Ce que l'on appelle communément la "crise" exprime ainsi, merci les "socialistes", plus crument que jamais ce qu'elle est, par-delà les brouillages idéologiques, à savoir l'agent de régulation "naturel" (historique), chaotique et coûteux pour les populations, du mode de production capitaliste. Le Medef et ses relais médiatiques peuvent toujours jouer les pleureuses sur le sort des petits patrons et des artisans accablés et percutés par les "charges" qui "feraient" la crise, il est dans l'ordre des choses de leur système qu'il faille détruire le capital excédentaire, y compris de quelques "gros", lequel capital, précisément par cet excédent qui le caractérise, parasite en effet la loi de profitabilité maximum des autres !


Salarié-e, "chère" variable d'ajustement...


Il se trouve pourtant que les principaux perdants de ce fonctionnement par la destruction de capital et donc la disparition d'unités de production ou de services, ce sont évidemment les salarié-es en ce que "la crise", qui n'est pour sûr pas la leur, les transforme en toujours plus précaires ou chômeurs, avec une attention particulière pour ces "maillons faibles" que sont, dans cette logique, les jeunes et les femmes ! Sans parler du sort réservé, à large échelle, mondialisation oblige, aux migrants/immigrés... En évoquant cela nous n'avons pas perdu de vue la loi Travail dont la raison d'être est de s'inscrire pleinement dans cette systémique "régulation dérégularisante", "Vive la crise !", et de donner le maximum de pouvoir aux patrons pour organiser la relation de travail selon leur bon vouloir, lequel indexé sur la pression à la baisse sur les salaires, n'aspire qu' à reconstituer les profits et à verser de généreux dividendes !

Tout cela, sous l'égide d'une Europe formatée, au nom de la sacrosainte compétitivité, à soumettre le Travail au Capital au prix d'un développement exponentiel des inégalités et de la pauvreté. Voir le sort réservé aux Grecs par la Troïka. Facilitation des licenciements, inversion du principe de faveur ou inversion de la hiérarchie des normes... ces caractéristiques de la Loi Travail proposée ont pour origine l'UE, ce laboratoire où s'élaborent, avec la collaboration étroite de chaque gouvernement, les recettes du détricotage des droits sociaux et où s'établit l'effet domino par lequel chaque pays est appelé à s'aligner a minima sur les voisins austérisés. Cela a été assez dit et même officiellement reconnu, avec la Loi Travail, la France se mettrait au régime espagnol des réformes du travail dont les Indigné-es ont pourtant pointé de façon éclatante qu'elles sont une arme de destruction radicale de ce qui permet tant bien que mal de vivre ou même seulement de survivre !

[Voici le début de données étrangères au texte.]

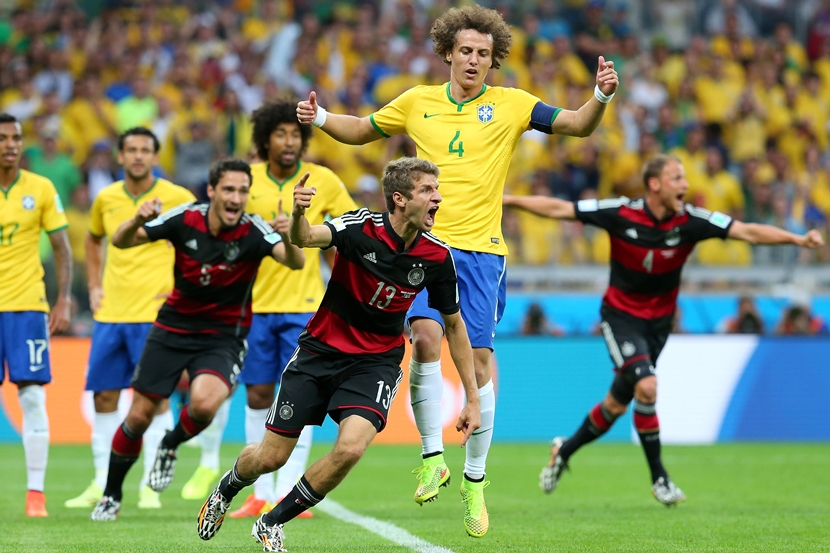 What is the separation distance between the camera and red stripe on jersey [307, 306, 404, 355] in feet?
21.7

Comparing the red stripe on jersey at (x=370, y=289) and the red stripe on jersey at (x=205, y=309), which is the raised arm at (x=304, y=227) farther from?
the red stripe on jersey at (x=205, y=309)

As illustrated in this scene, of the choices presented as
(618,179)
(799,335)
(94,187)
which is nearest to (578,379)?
(799,335)

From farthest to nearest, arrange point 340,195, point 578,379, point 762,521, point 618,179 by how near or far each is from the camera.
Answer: point 618,179, point 578,379, point 340,195, point 762,521

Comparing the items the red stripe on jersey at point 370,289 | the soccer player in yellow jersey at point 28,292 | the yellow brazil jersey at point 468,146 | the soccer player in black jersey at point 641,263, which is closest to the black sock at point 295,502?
the red stripe on jersey at point 370,289

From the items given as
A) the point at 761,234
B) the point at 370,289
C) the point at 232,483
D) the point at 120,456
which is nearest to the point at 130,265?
the point at 120,456

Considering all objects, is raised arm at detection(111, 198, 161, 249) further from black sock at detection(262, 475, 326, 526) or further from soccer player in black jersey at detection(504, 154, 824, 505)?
soccer player in black jersey at detection(504, 154, 824, 505)

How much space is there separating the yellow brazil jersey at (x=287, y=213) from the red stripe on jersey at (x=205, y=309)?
28.9 inches

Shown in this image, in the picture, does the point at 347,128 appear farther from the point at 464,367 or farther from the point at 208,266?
the point at 464,367

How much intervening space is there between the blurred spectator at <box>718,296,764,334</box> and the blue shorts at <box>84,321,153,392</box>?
29.4 ft

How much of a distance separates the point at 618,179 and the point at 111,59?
830 cm

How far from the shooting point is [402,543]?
702 centimetres

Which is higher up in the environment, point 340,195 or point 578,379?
point 340,195

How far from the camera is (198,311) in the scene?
27.4ft

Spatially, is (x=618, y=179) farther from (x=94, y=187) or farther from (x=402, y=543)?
(x=402, y=543) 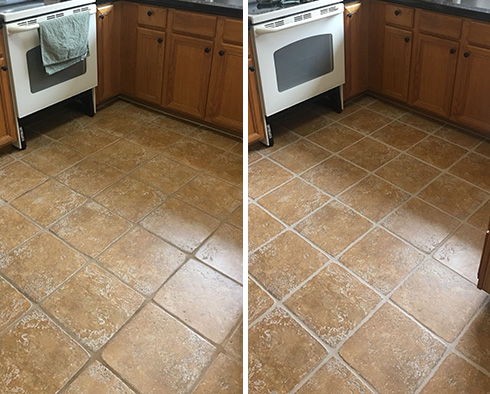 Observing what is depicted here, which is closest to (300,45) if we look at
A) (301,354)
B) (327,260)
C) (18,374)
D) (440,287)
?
(327,260)

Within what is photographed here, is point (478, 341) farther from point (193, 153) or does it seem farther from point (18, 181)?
point (18, 181)

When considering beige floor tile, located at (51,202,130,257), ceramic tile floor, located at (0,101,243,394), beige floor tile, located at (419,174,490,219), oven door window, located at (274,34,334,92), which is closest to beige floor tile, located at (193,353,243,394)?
ceramic tile floor, located at (0,101,243,394)

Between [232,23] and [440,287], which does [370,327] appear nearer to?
[440,287]

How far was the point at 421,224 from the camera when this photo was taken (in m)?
1.14

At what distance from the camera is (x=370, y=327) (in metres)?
0.90

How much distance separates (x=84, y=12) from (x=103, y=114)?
0.15 m

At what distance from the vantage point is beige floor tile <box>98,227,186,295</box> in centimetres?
64

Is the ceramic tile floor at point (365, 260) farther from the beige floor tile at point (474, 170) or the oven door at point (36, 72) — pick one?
the oven door at point (36, 72)

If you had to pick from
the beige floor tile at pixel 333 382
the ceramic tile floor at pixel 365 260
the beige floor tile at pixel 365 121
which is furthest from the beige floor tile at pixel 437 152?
the beige floor tile at pixel 333 382

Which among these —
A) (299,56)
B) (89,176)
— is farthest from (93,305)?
(299,56)

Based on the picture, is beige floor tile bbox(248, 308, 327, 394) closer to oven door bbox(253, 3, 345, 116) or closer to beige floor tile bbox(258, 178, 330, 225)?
beige floor tile bbox(258, 178, 330, 225)

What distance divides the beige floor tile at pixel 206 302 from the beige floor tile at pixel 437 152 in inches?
37.3

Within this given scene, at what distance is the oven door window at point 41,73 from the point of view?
2.02 feet

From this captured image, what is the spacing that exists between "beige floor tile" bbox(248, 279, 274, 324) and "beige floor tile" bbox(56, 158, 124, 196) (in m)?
0.37
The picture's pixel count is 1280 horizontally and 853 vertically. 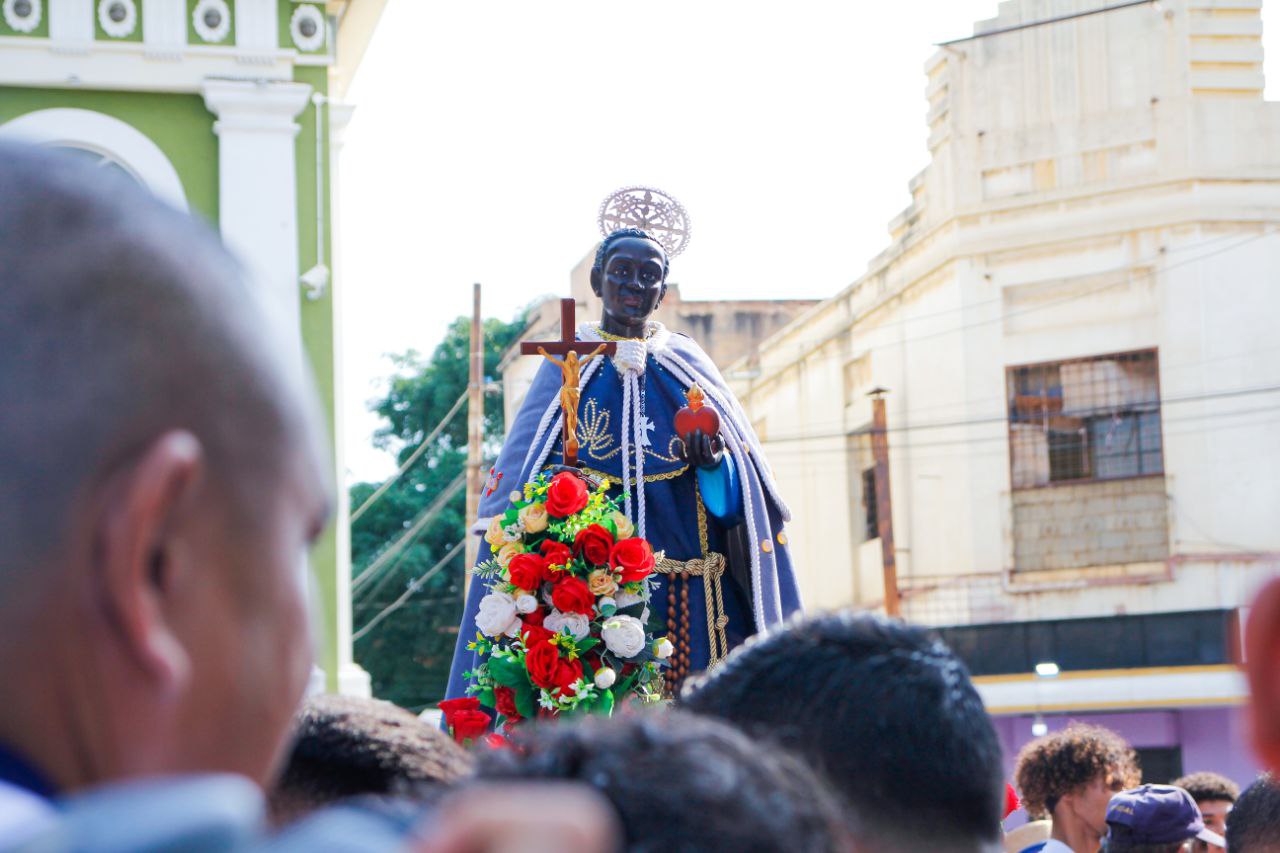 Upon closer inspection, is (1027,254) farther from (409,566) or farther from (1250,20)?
(409,566)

Une loi Travail ... anti-hiérarchique - énorme - qui fait saliver les patrons !

Regardons de plus près le projet de Loi Travail qui mobilise à bon droit tant d'oppositions. Le coeur de ses propositions réside dans le nouveau périmètre de référence pour la définition des normes liées au travail par un déplacement dépossédant les salarié-es du bouclier que les luttes sociales ont permis, vaille que vaille, d'inscrire dans la loi : loi qui, sauf accords d'entreprise ou de branche plus favorables, prime jusqu'ici sur ceux-ci. C'est désormais l'inverse qui est prévu : l'entreprise, et non plus le politique dans sa dimension législative, toute limitée,  souvent toute contreproductive pour les salarié-es, qu'elle soit, devient le lieu où se négocient les accords avec, pour couronner le tout, le contournement des contre-pouvoirs syndicaux, établis par les élections professionnelles, grâce à des référendums qui deviendraient l'arme absolue par lesquels les patrons imposeraient leurs chantages antisociaux "pistolet sur la tempe" avant licenciements massifs, voire fermeture totale des boîtes !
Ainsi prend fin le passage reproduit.